In the corresponding complexes with PAM2H+, PAM3H+, and PAM4H+, the Fe(II) charges increase to −0.87, −0.86, and −0.89, respectively, and the charge on the pentacyanoferrate(II) fragment increases to −3.24, −3.23, and −3.26. These results demonstrate that the PAM ligands are stronger electron donors than water, consistent with the feasibility of ligand substitution and the exergonic reaction Gibbs energies discussed above. While the overall increase in charge on the pentacyanoferrate(II) fragment is modest (3–6% of elementary charge), the charge localized on Fe(II) increases more substantially (14–17%). This discrepancy can be rationalized by the formation of hydrogen bonds between the nonionized oxime –OH group and a cyanide ligand, which reduces the ability of the cyanide group to withdraw electron density from the coordinated Fe(II) center.

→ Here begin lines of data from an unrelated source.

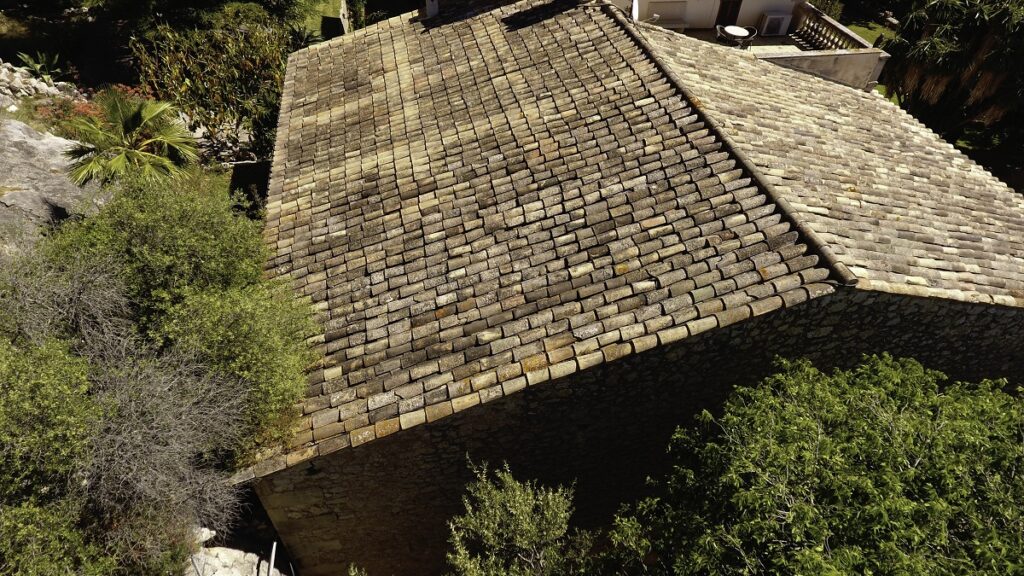 Revisión de cubiertas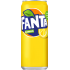 Fanta Lemon 33cl*20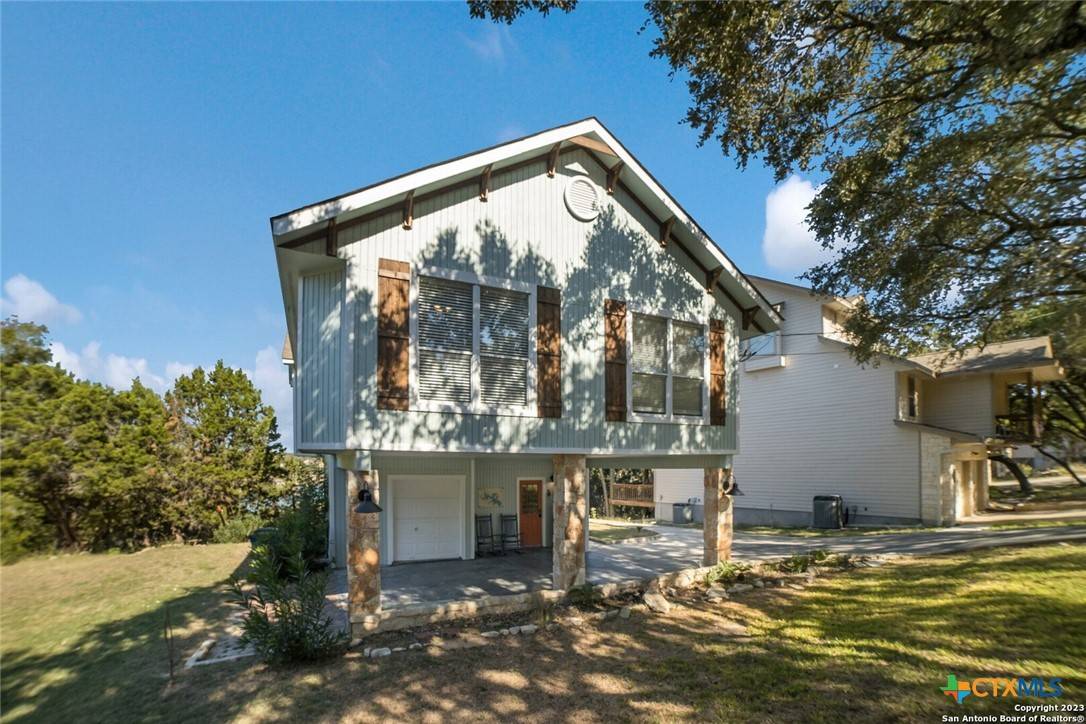 Canyon Lake, TX 78133,693 Riviera DR
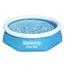 გასაბერი აუზი Bestway Fast Set Inflatable Swimming Pool Round 244x66xm - TechMall.geგასაბერი აუზი Bestway Fast Set Inflatable Swimming Pool Round 244x66xm - TechMall.ge ,გასაბერი აუზი Bestway Fast Set Inflatable Swimming Pool Round 244x66xm - TechMall.ge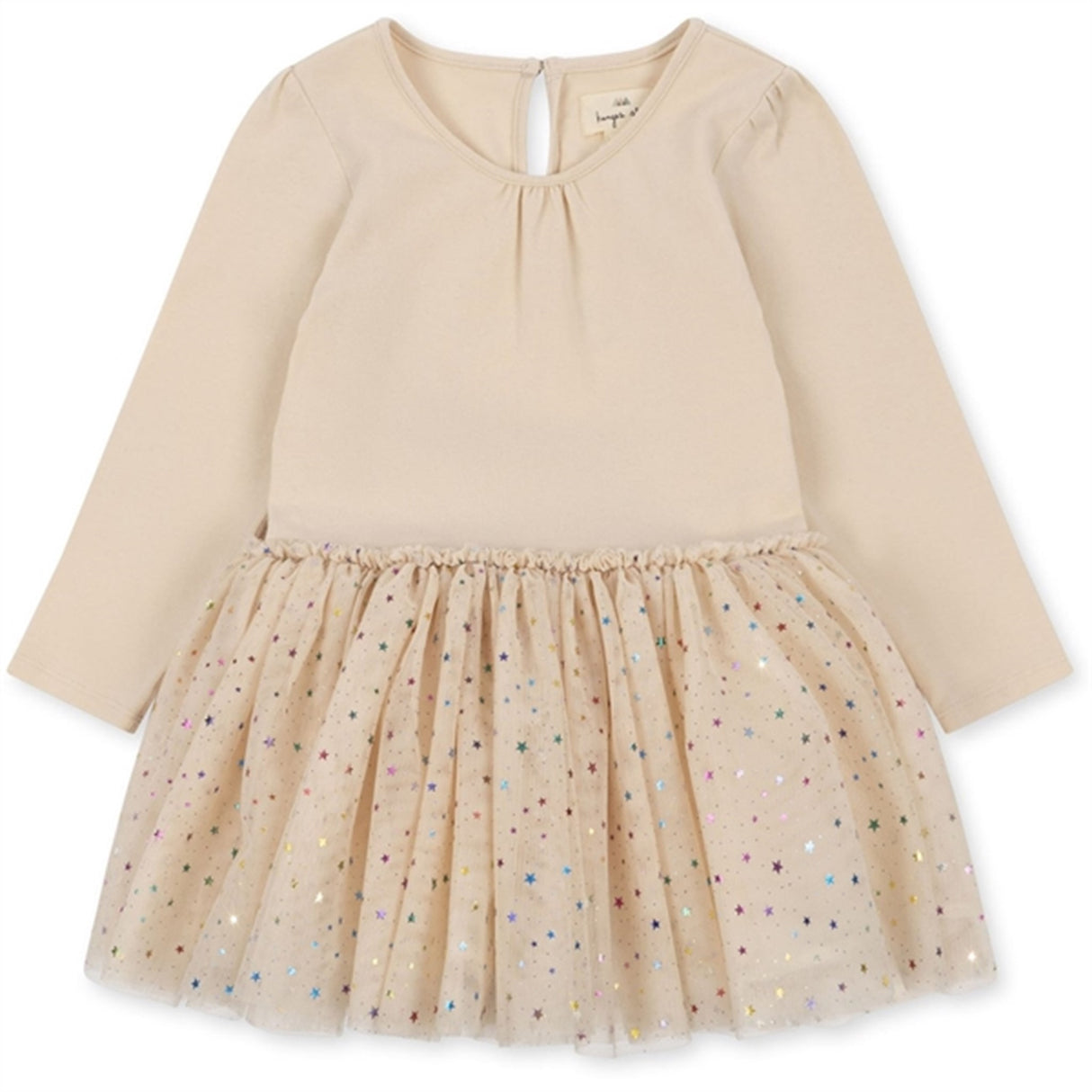 Konges Sløjd Etoile Multi Brazilian Sand Fairy Ballerina Dress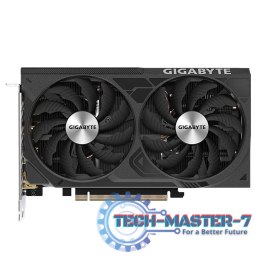 Karta graficzna GIGABYTE GeForce RTX 4060 Ti WINDFORCE OC 16 GB GDDR6 (GV-N406TWF2OC-16GD)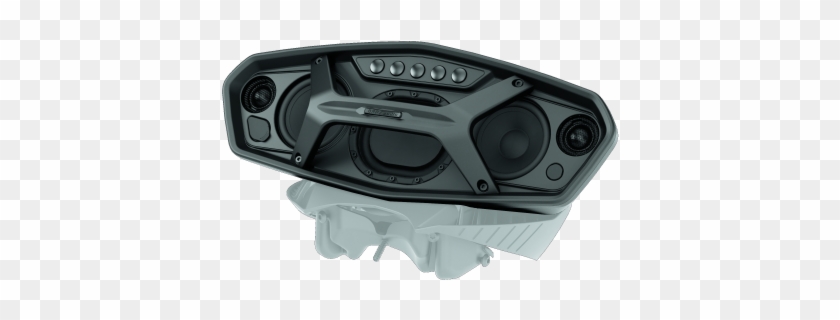 Sea Doo New Brp Audio Portable System 295100797 - Brp Audio Portable System Clipart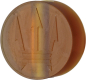 Preview: Maratac Extreme Trident Ultem Bead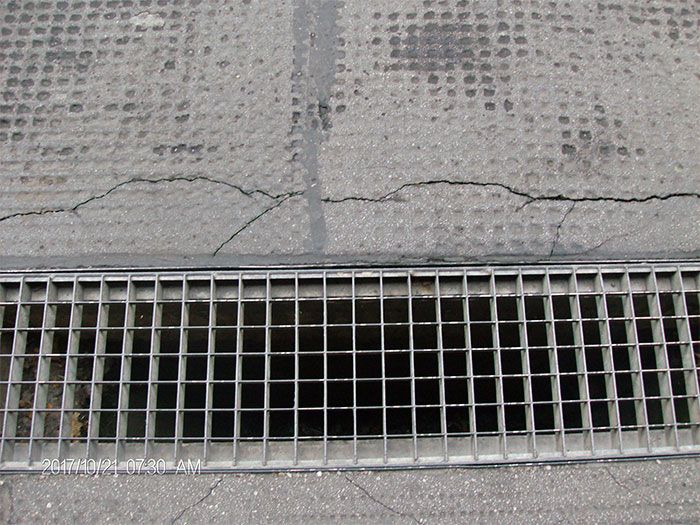 Sonderreinigung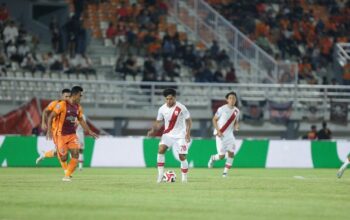 7 Data-Fakta Super League Pekan Keenam: Menunggu Kebangkitan Persis Dalam Puasa Kemenangan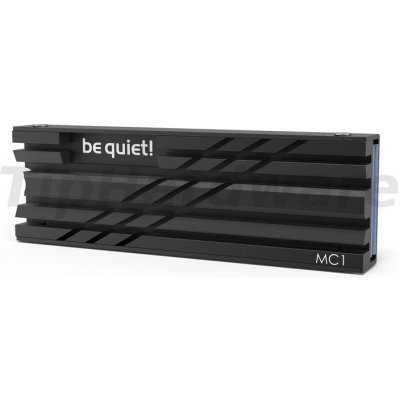 be quiet! MC1 BZ002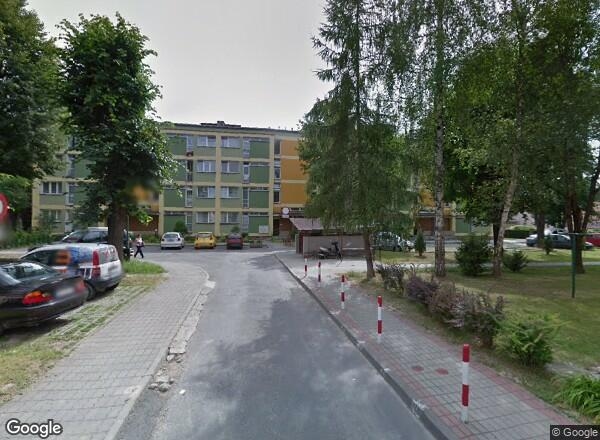 Ceny transakcyjne mieszkań Rzeszów Króla Bolesława Chrobrego 20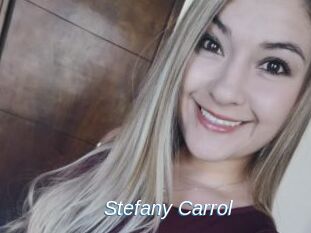 Stefany_Carrol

For the neutral (zwitterionic) PAM2, PAM3, and PAM4 ligands, similar but distinct trends are observed. In all three complexes, the charge on Fe(II) remains constant at −0.87, and the total charge of the pentacyanoferrate(II) fragment is −3.32. In contrast to the cationic systems, no intramolecular hydrogen bonding is formed between the deprotonated oxime group and cyanide ligands, resulting in comparable electron-withdrawing ability of the cyanide groups across all three complexes. Interestingly, despite their lower thermodynamic stability, the neutral ligands transfer more charge to the pentacyanoferrate(II) fragment, as reflected by a 6–9% higher negative charge relative to the [Fe(CN)5(PAMH)]2− complexes. This apparent contradiction highlights that charge transfer alone does not determine complex stability; instead, the reduced stability of the [Fe(CN)5(PAM)]3− complexes is attributed primarily to stronger solvation of the free ligands in their zwitterionic form, which disfavors the formation of more stable complexes during ligand substitution.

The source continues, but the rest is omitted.